I was playing with the angle of the braces/wings, and I think I like this better. Too high for a cow to jump though and not too intimidating for bikers. I think it fits the rest of the design well and leaves space above the wing for something interesting cut out of 1/4" steel plate. I may play with it a bit more before welding in the attachment studs, I already have to cut that high one off and re-position it.


----------



## crank1979 (Feb 3, 2006)

This is exactly what I plan on using on a track that has to go through a few paddocks so we don't have to keep opening and closing gates.


----------



## bsieb (Aug 23, 2003)

I'm considering using this for the ramp slats if I can find it for a reasonable price. What do you think of it? 

There will be an initial small run of 10 units fabricated by the local City welding shop, as an in kind contribution. They take great pride in their work so it's all good. The local steel supply company is giving a great price on the materials and will also haul them to the galvanizer and back as their delivery route goes nearby. The good thing about all this is that a lot of folks are personally invested in the project, and that can iron out a lot of bumps along the way. It also requires no cash flow as it's all back end stuff, so a small amount of grant funding goes a long ways.


----------



## crank1979 (Feb 3, 2006)

Are they really going to aid traction going over the ramp? The way they are used around here they are simple access points, not made for speed. Unless you can get it cheaper than the rhs I don't think it's worth it. Mine will be the same as the other ones I have seen around Sparrow Hill which are just 20 or 25mm square rhs.


----------



## bsieb (Aug 23, 2003)

^They would probably help hikers more than bikers, as wet steel is quite slippery underfoot. Many of ours can be hit at speed, they go through grazing lease fences, which are everywhere. Cost would be a big factor.


----------



## shiggy (Dec 19, 1998)

bsieb said:


> This is a prototype I'm fabricating for our National Forest singletrack trails to pass through grazing lease barbwire fences. The old box type were difficult to keep clean and had some other problems, including digging a hole. The one pictured below will have a ramp on the other side and three more braces when complete, and then will be sent to a hot dip galvanizing plant. This design breaks down to three basic pieces, each of which can be carried by two crew members. It sets on top of the ground, you just cut the fence and set it in place and tie the barbwire to each side. The design has been approved by our FS district engineer for use throughout our district. I will post more pics as it progresses...

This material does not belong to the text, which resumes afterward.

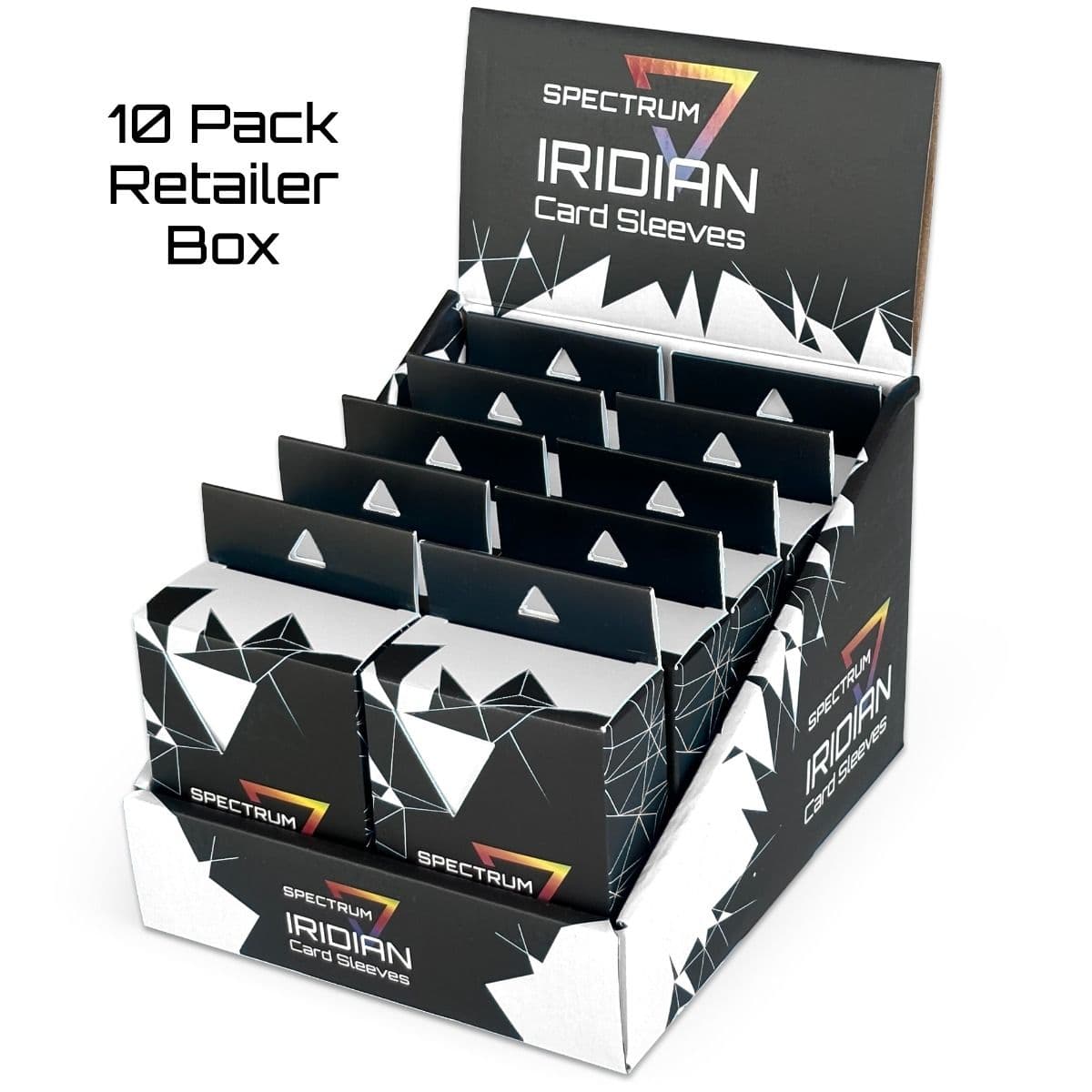 Iridian Matte Sleeves - White. Standard fit, 100 per box. packaging box. Inner case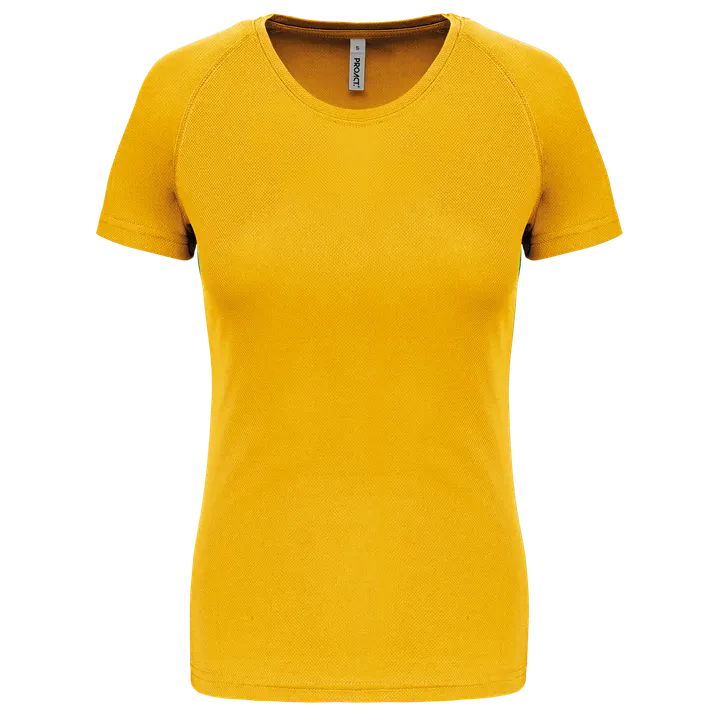 Damen Basic Sport Funktionsshirt Kurzarm True Yellow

Around Hurricane they make them from rebar. A simple half round arched "bridge" with rungs. Easy to ride and they seem to work for stopping livestock.


----------



## bsieb (Aug 23, 2003)

^Those kind work more or less well, they are fairly easy for cattle to jump over but a lot depends where and how they are installed. They also require setting a number of posts to brace against the fence tension on each side, so rocky ground is a challenge. I watched a cow try to go through a barbwire fence this afternoon by squeezing between the wires, some are hard to stop even with a fence. We have had problems with bull calves jumping through but the wings have stopped that.


----------



## bsieb (Aug 23, 2003)

Update: After months of FS Engineer evaluation and some changes, we are finally moving ahead on this project. Basically the width of the units had to be increased to 32" to meet federal ADA requirements. I know a few hand bikers who might appreciate that added width. Galvanizing was not approved. At first they specified Corten steel but in the end consented to A-36 HR. Corten weathering steel has no advantage over mild steel if it's in contact with the ground. Also some of the rectangular tubing was not available in Corten. We acid wash the mill scale off and let them weather here in NW New Mexico.

The units break down into pieces that can each be carried down a singletrack by two crew members. Installation is quick and easy, requiring only light hand tools.

I have attached copies of the approved drawings, feel free to use them. We figured $1500 each installed unit for a FS grant. You can probably get them fabbed up for ~$750 ea. 

More when we start fabrication...


----------



## bsieb (Aug 23, 2003)

Fabrication is proceeding... got the City welding shop to do the basic cutting and welding as an in-kind donation.


----------



## bsieb (Aug 23, 2003)

Even slow progress eventually gets the job done. In this case we are replacing a previous CG design that had filled in with dirt. The new design takes less than a half hour to install, features grip tape on the tread slats, and some reflective tape for night riding. We will eventually install over 60 of these units.


----------



## formica (Jul 4, 2004)

Very cool.


----------



## crank1979 (Feb 3, 2006)

Great work.


----------



## bsieb (Aug 23, 2003)

I should mention that my installation crew consisted of six well seasoned YCC* trail crew supervisors and their boss, Strider Brown. We worked through the details of installation as a group to insure we are all on the same page. These folks are truly a pleasure to work with!

*(Gallup) Youth Conservation Corps


----------